The Prince George’s Harlem Renaissance Festival, an annual event that draws children, adults and families together in a celebration of the county’s arts and cultural programs and history, has been scheduled for May 3.

This year’s event marks the 15th annual festival, which is put on every year by the Prince George’s Harlem Renaissance Remembrance Foundation, said Carolyn Mills-Matthews, the foundation’s executive director.

The festival, which started in 1999, features a pre-festival gala on May 2, where several community and business leaders will be honored with the foundation’s Love Award. The next day, festivities will kick off with a parade, scheduled to begin at 9 a.m. at the Landover Metro station parking lot and move to the Kentland Community Center and Prince George’s Ballroom, the site of the festival. The community center is located at 2411 Pinebrook Avenue in Landover.

“We are marching to highlight literacy, our culture and our history,” Mills-Matthews told the AFRO. “Our theme this year is ‘We the People: Issues, Movement and Change.’ We are trying to focus on teens and young adults.”

The festival will include speakers, musical acts, events for people of all ages and exhibits and booths from local businesses and services, Mills-Matthews said.

Acts scheduled to perform include the legendary R&B band Midnight Star, Be’la Dona, Black Alley, Dee 1 and Tray. Bowie native Marcus Canty, 23, the R&B singer and dancer who placed fourth in the first season of the X Factor USA TV talent competition, will also perform.

“Prince George’s County is blessed to host an event like the Harlem Renaissance Festival,” County Executive Rushern L. Baker III told the AFRO in a statement.

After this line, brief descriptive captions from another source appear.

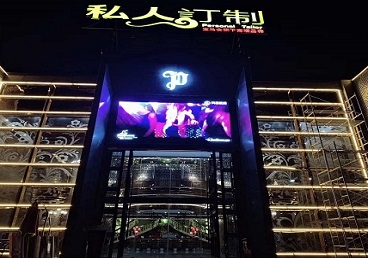 德保中低档荤素KTV少爷会所体验-私人定制KTV消费荤素点评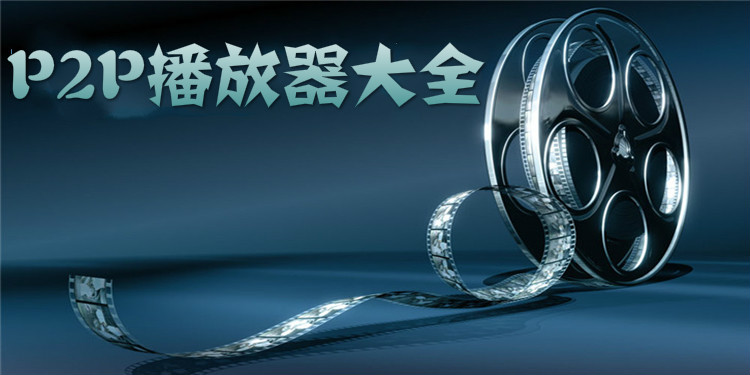 P2P播放器大全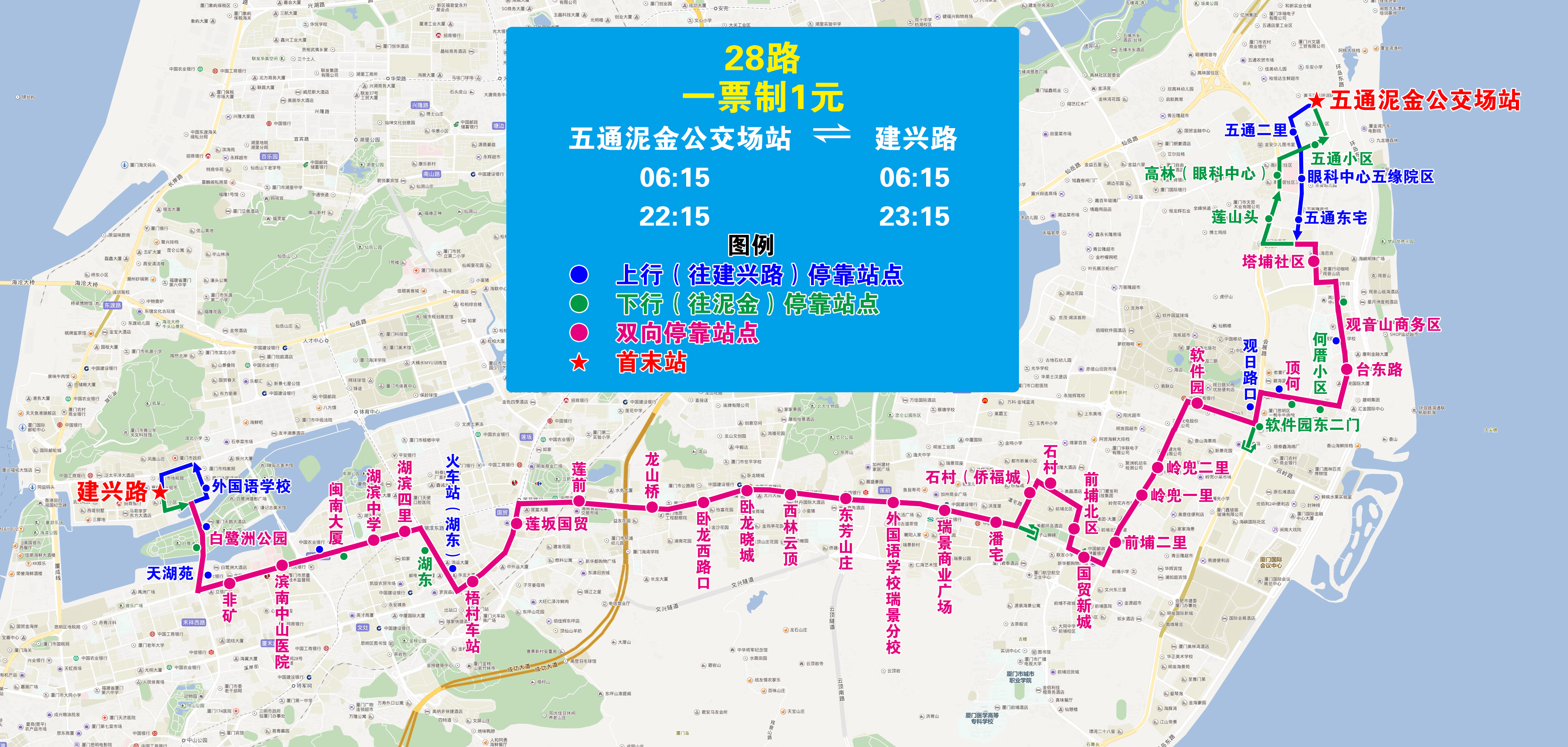 28（泥金-建興路，五通東宅）.jpg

“From listening to great music to seeing old friends, my entire family has enjoyed this festival over the years. I am so pleased that during this significant 15th anniversary year, they are focusing on literacy in our community…I encourage all Prince Georgians to support and attend the Harlem Renaissance Festival this year and welcome all visitors from around the region, state and beyond to our incredible county.”

At a time when President Obama’s My Brother’s Keeper initiative has sought to focus attention on the need for the nation to lend a helping hand to young Black men, the festival’s organizers hope to show the county’s young residents how important youth have traditionally been in forging change, Mills-Matthews said.

“We are trying to get them to recognize and appreciate that whenever there has been change in the world, young people have been a catalyst for that change and oftentimes at the forefront,” she said.

The gala’s program will be emceed by two Prince George’s County Public School students—Jordan Fonville, a senior at Oxon Hill High School and Attiba McGill, a sophomore at Surrattsville High School. Entertainment for the gala will be provided by talented Prince George’s County students. The 2014 Voice of D.C., April Sampe’, will also perform.

Instead of a celebrity speaker, the gala’s program will center around the festival’s collaborative partners over the years, Mills-Matthews said.